The data:

============

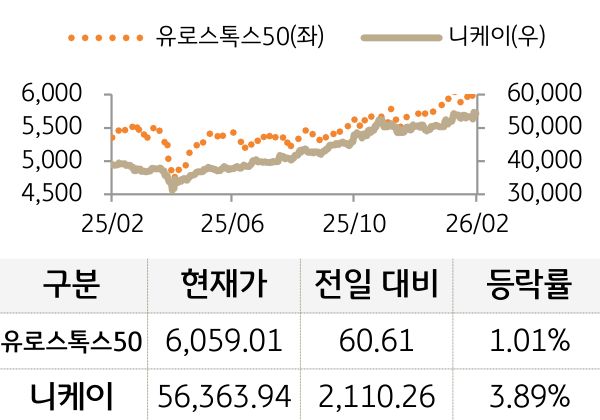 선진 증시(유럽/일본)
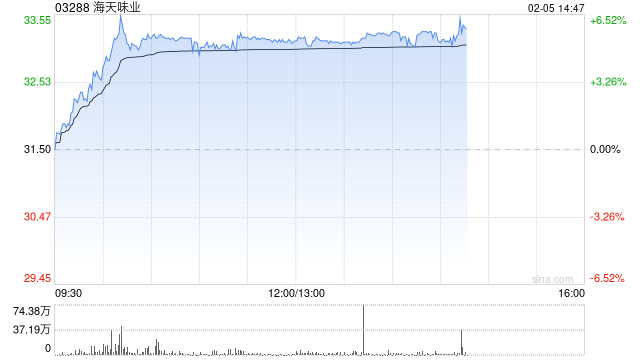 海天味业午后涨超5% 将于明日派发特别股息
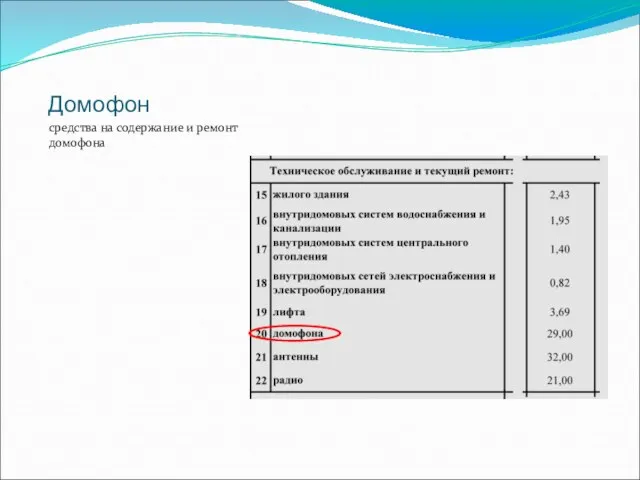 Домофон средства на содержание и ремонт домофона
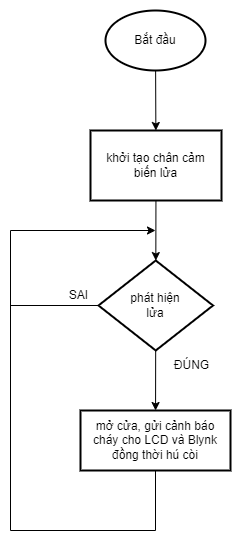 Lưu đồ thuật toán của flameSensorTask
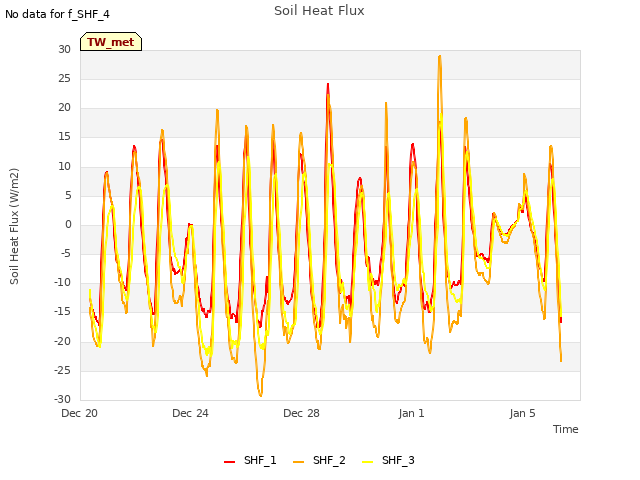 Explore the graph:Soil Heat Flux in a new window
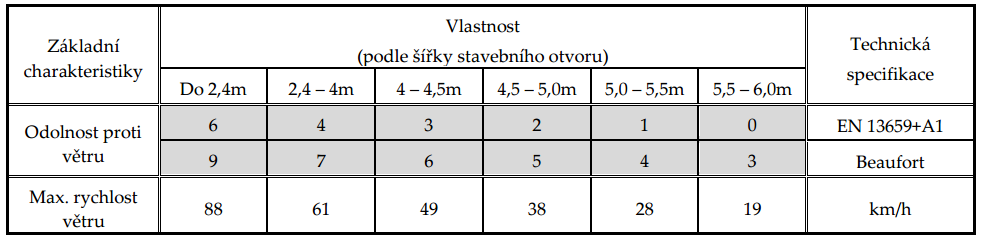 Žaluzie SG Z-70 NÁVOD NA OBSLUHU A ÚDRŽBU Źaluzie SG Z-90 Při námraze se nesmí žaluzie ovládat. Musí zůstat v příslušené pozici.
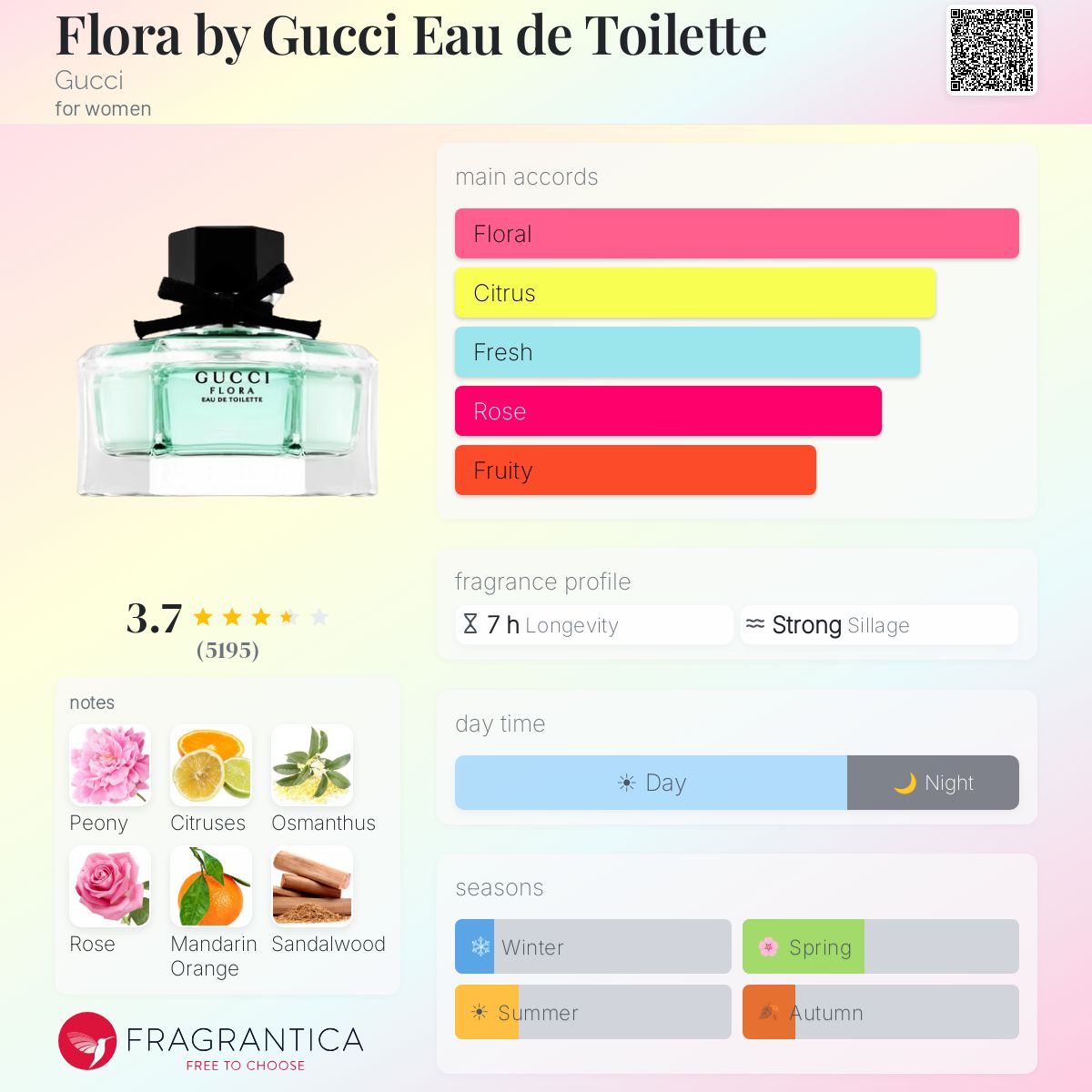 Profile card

============

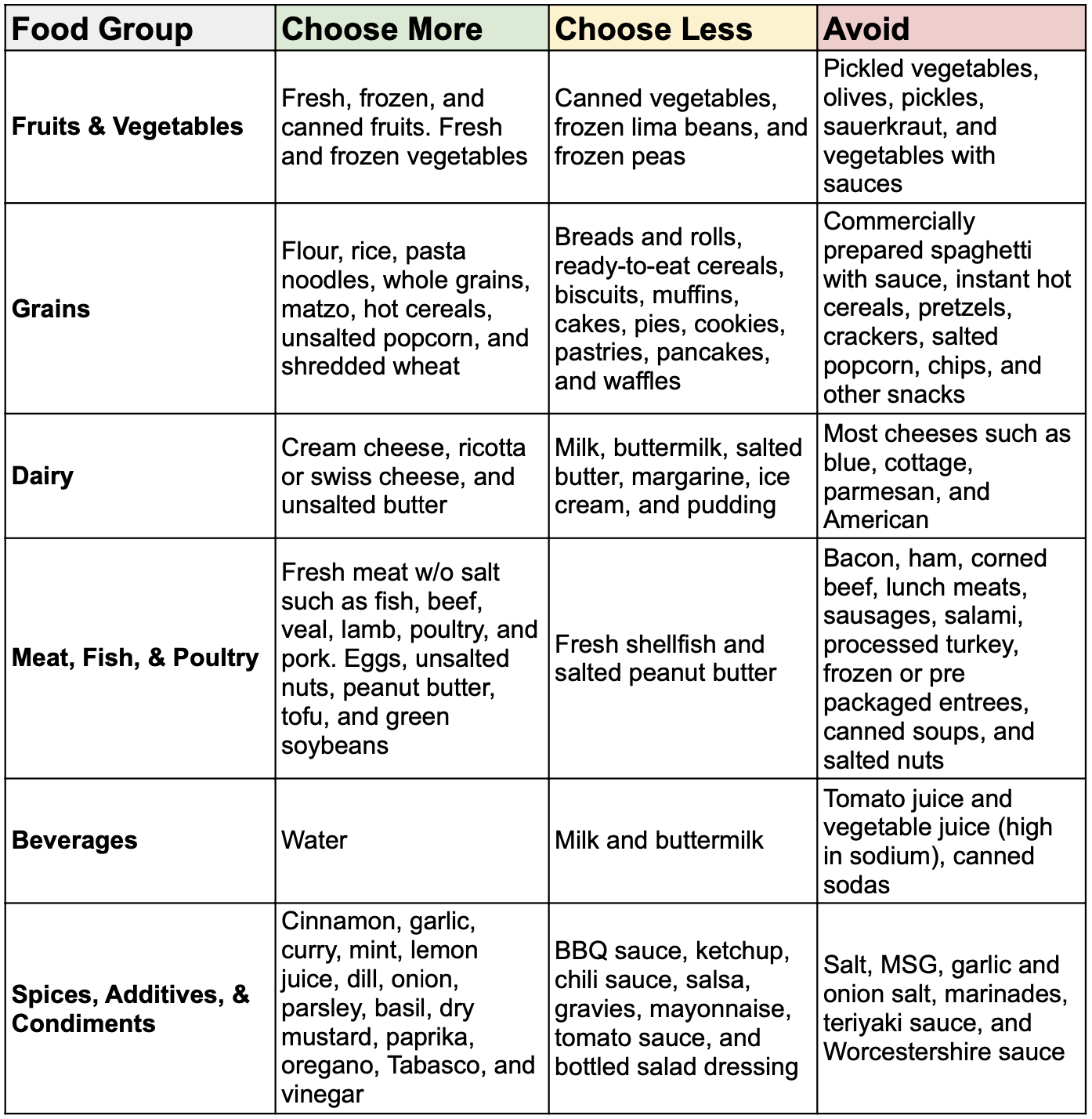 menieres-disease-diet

============

Problem:
From the records above, return exactly the lines running from the one that contains "Lưu đồ thuật toán của flameSensorTask" down to the one that contains "Profile card", both included, without any pictures.

Exercise result:
 Lưu đồ thuật toán của flameSensorTask
 Explore the graph:Soil Heat Flux in a new window
 Žaluzie SG Z-70 NÁVOD NA OBSLUHU A ÚDRŽBU Źaluzie SG Z-90 Při námraze se nesmí žaluzie ovládat. Musí zůstat v příslušené pozici.
 Profile card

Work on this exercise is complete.